#### How to complete this task
A stretch of the entries below is to be set down exactly, running from the line with "24703 NE State Route 3 , Belfair, WA 98528" through the line with "431 Detroit Pl, San Diego, CA 92114", both included, and no other line.

#### Extracted entries

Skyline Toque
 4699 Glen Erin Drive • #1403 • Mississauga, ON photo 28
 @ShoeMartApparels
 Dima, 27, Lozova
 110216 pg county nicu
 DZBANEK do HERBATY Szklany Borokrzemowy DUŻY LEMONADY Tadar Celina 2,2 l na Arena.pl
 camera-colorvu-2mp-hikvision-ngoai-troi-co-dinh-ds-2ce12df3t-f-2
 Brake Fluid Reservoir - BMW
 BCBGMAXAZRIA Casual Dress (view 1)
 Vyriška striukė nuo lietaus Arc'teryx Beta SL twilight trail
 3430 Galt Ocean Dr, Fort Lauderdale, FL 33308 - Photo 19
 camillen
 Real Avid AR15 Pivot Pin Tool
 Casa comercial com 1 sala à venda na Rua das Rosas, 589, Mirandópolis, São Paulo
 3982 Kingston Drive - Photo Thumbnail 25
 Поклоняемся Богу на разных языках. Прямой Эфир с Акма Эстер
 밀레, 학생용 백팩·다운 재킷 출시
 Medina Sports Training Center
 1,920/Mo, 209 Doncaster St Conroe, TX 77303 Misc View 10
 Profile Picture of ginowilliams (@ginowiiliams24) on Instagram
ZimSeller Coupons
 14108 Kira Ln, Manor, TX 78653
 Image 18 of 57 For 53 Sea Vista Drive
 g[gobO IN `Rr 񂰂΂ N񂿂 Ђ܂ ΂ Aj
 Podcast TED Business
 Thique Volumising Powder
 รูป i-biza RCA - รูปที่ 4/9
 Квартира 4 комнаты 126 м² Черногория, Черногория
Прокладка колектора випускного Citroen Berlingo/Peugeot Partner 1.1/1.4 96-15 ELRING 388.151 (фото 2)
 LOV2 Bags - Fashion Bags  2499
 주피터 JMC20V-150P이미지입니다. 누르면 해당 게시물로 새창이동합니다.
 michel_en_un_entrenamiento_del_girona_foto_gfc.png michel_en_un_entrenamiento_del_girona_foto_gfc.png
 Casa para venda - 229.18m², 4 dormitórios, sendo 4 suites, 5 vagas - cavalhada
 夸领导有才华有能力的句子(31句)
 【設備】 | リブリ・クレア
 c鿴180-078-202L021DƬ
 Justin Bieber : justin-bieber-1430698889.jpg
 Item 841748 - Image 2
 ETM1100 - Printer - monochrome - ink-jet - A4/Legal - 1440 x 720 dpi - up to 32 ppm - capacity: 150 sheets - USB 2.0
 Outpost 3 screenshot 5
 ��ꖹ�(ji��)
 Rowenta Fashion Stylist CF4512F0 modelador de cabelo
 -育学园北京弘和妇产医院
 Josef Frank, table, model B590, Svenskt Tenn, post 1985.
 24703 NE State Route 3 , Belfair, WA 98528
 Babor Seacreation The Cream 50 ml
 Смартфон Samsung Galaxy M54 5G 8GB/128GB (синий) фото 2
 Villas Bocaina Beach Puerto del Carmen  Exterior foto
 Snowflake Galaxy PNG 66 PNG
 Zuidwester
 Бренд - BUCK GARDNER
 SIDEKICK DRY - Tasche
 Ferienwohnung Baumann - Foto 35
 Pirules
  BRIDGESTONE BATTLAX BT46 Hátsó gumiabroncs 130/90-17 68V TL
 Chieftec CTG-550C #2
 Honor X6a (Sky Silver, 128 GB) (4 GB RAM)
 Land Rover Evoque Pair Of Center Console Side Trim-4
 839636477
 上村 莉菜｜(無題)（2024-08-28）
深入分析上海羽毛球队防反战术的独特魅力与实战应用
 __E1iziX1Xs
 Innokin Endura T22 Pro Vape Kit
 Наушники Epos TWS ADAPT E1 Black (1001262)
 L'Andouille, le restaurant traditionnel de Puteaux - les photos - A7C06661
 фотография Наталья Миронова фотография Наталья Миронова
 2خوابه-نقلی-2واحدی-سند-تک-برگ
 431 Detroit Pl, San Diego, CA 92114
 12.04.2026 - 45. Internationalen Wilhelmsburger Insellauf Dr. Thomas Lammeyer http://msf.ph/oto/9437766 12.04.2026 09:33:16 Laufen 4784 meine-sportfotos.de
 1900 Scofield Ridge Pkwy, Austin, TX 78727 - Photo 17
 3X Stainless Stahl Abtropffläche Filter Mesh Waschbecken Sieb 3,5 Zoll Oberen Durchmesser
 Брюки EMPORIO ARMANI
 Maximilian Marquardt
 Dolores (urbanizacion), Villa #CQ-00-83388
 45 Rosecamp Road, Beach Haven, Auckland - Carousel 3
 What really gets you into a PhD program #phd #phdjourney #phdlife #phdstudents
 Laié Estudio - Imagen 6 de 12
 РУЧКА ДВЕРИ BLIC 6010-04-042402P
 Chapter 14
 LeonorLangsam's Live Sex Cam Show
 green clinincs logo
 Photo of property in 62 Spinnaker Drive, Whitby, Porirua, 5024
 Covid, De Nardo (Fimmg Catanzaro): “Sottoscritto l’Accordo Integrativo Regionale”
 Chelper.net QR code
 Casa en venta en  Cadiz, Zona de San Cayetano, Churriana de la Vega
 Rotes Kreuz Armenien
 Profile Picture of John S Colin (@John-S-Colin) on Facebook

#### Response area
 24703 NE State Route 3 , Belfair, WA 98528
 Babor Seacreation The Cream 50 ml
 Смартфон Samsung Galaxy M54 5G 8GB/128GB (синий) фото 2
 Villas Bocaina Beach Puerto del Carmen  Exterior foto
 Snowflake Galaxy PNG 66 PNG
 Zuidwester
 Бренд - BUCK GARDNER
 SIDEKICK DRY - Tasche
 Ferienwohnung Baumann - Foto 35
 Pirules
  BRIDGESTONE BATTLAX BT46 Hátsó gumiabroncs 130/90-17 68V TL
 Chieftec CTG-550C #2
 Honor X6a (Sky Silver, 128 GB) (4 GB RAM)
 Land Rover Evoque Pair Of Center Console Side Trim-4
 839636477
 上村 莉菜｜(無題)（2024-08-28）
深入分析上海羽毛球队防反战术的独特魅力与实战应用
 __E1iziX1Xs
 Innokin Endura T22 Pro Vape Kit
 Наушники Epos TWS ADAPT E1 Black (1001262)
 L'Andouille, le restaurant traditionnel de Puteaux - les photos - A7C06661
 фотография Наталья Миронова фотография Наталья Миронова
 2خوابه-نقلی-2واحدی-سند-تک-برگ
 431 Detroit Pl, San Diego, CA 92114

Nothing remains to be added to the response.